Of course there is possibly a greater risk of contamination if you go through steps to transfer yeast cake, wash it, reuse it. It also is another thing to keep clean and worry about. In the past I have dumped fresh wort right into the same fermenter on top of a cake (lazy way - also this is almost guaranteed to be overpitching, and get a less than healthy fermentation because the yeast doesn't replicate enough and its stressed out yet because theres so much of it it works so fast it blows up and is done too quickly and has done a sloppy job without cleaning up). I've also dumped 1/3rd of a yeast cake into a clean fermenter, the idea being that I get most of the top layer of yeast cake, and not the trub at the bottom layer. The best method for reusing yeast cake that I have found it to add some wort or beer, and slightly roll it around to get just the top layer of yeast off the cake and less compacted. Sort of a "wash in place" if that makes sense. Then dump that into my new aerated wort. I think its a good balance between effort and acceptable results.
When almost all professional breweries repitch, they either get the top krausen during peak fermentation, which is all nice active top of their game yeast, or else after fermentation they can drop the trub out the bottom of their conical fermenter, toss it, and finally after the trub layer is drained out the bottom it starts running clean yeast, they keep that part and use it immediately, or within a week or two.
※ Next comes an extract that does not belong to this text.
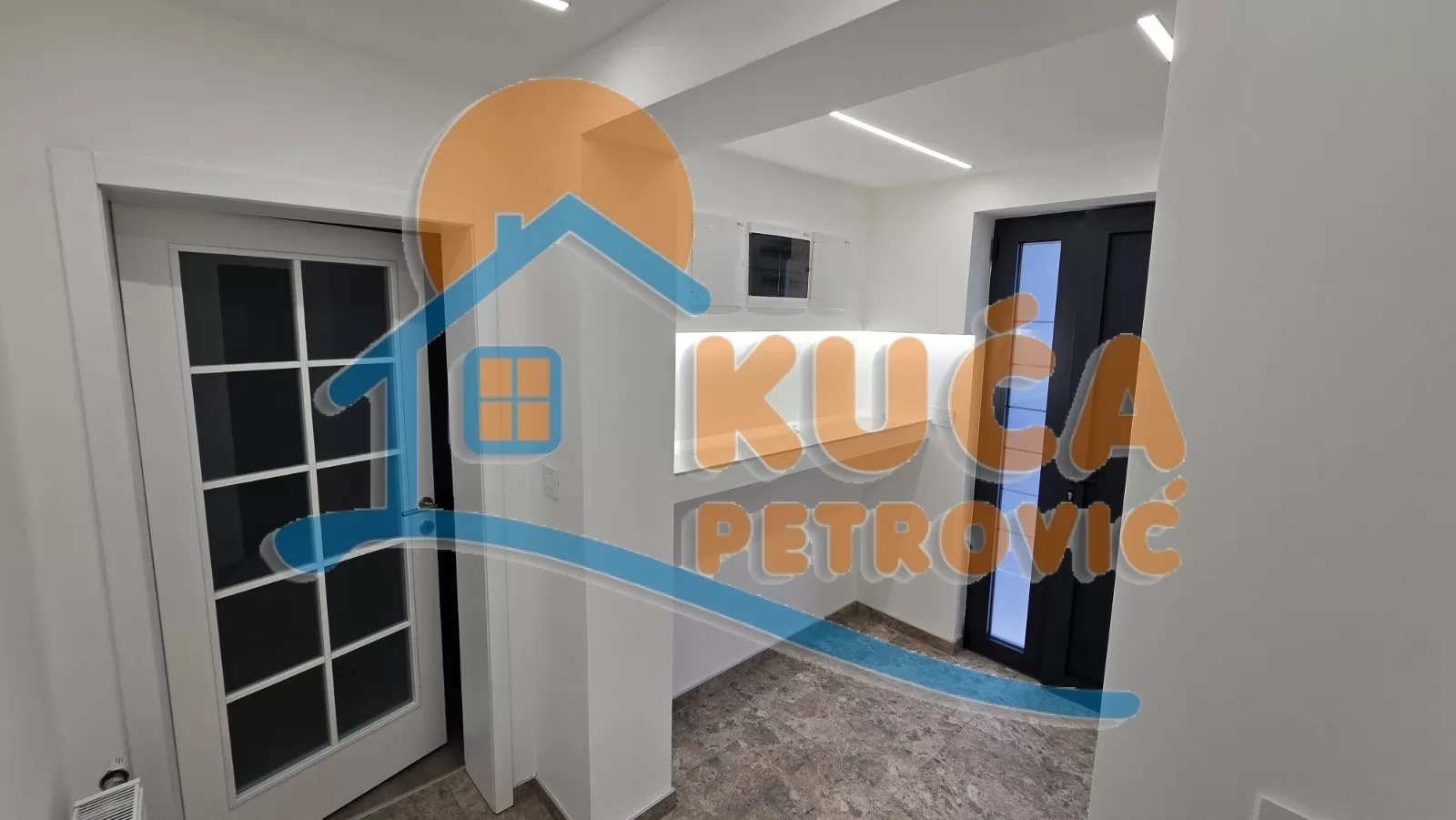 četvorosobna kuća, 186 m2, Trošarina, Marina Držića ID: p-015905 9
I used to brew every weekend, and would have yeast cakes to repitch onto most of the time. Usually up to 3 generations before I'd want to switch strains. I probably saved a hundred bucks on not buying new yeast every batch, but I was never completely satisfied with my re-pitched brews and think this may have been part of the reason. If you're as cheap as me, its very tempting to repitch, but I think the best chances of making an award winning beer would be to buy the right amount of fresh liquid yeast and pitch properly.